One source of this problem is a research framework called null-hypothesis significance testing (NHST). For those of you who aren't knee-deep in doing or reading primary research, this is where the now-common phrase "significant results" comes from. Basically, NHST begins with the idea that there is no effect of whatever it is you are researching- a type of classroom instruction, a pill, whatever. If you collect your data, run your stats, and then get something called a p-value that is small enough, you get to reject the idea that there was no effect of the instruction or the pill. This lets you say your study (or, your instruction or your pill) has siginificant results, because it is different than nothing. p-values are malleable little things, and very sensitive to sample size; large samples with very small effects will be "significant" while smaller samples with medium to large effect sizes might end up being "non-significant" (this is a concept called power in statistics). The thing is, this p-value says nothing about how large the effect is; the word "significant" only means that it passed some (arbitrary) threshold. Now, people do tend to look at how big the difference is (an effect size), but the results of the significance test tend to overshadow other results, and lead to biases in publication (no significant effect = much lower chance of getting published).

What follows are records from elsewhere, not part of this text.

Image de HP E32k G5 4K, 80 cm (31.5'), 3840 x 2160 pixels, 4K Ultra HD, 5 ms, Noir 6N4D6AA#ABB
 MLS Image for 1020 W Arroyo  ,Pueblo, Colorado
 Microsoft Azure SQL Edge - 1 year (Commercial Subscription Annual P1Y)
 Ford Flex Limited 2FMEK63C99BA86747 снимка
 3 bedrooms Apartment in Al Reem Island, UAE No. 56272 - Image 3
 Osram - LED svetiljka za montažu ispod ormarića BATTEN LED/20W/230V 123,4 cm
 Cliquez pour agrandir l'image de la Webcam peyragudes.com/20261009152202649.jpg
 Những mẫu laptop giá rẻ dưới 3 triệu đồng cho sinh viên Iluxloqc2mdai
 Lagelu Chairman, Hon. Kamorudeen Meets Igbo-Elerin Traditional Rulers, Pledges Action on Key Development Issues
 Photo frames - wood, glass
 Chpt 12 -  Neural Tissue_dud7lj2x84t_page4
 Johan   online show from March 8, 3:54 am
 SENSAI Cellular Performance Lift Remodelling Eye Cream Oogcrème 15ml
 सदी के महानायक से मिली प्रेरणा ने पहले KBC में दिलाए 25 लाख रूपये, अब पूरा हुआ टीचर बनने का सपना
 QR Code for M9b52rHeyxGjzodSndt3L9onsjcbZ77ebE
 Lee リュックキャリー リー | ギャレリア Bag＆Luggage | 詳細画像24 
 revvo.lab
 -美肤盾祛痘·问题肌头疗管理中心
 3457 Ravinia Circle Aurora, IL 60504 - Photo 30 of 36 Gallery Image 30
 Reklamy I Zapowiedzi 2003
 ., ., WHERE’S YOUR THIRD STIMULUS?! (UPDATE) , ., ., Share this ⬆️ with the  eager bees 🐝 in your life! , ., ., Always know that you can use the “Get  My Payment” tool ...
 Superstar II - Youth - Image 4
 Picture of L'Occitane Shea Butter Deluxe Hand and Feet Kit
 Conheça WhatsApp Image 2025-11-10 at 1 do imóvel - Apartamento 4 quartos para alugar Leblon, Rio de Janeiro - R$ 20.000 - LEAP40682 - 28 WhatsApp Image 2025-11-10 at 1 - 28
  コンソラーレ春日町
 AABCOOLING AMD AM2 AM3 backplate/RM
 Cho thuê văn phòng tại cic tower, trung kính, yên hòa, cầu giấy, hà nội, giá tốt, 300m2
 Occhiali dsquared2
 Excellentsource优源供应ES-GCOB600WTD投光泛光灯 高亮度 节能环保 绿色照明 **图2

Andrew Gelman, a statistician working in the social sciences, recently wrote a piece about how the idea of things having absolutely no effect is kind of absurd. Rather, he advocates moving from attempting to "discover" an effect to "measuring" the size of the effect, or creating models that best explain what is going on. This is right in line with a recent statement by the American Statistical Association calling for a major move away from p-values as the be-all-end-all in research (on a side note: if you do quantitative research, or know people who do, read that statement). Thinking about this for L2 research, it really strikes a chord for me- after all, even very bad L2 instruction results in some kind of learning or development. The more important question is how much?

In L2 research, I think it is fair to say that we're still primarily in an NHST mode of thinking (though we are seeing changes and improvements). We're asking questions like Does working memory have an effect on reading comprehension? and Does explicit instruction have an effect on the processing of case marking?  instead of asking how much of an effect or to what degree. And while L2 research is not unique among social science disciplines in its preference for NHST and p-value uber alles evaluation of research findings, I do wonder if certain theoretical concerns have contributed to the popularization and entrenchment of NHST in the field.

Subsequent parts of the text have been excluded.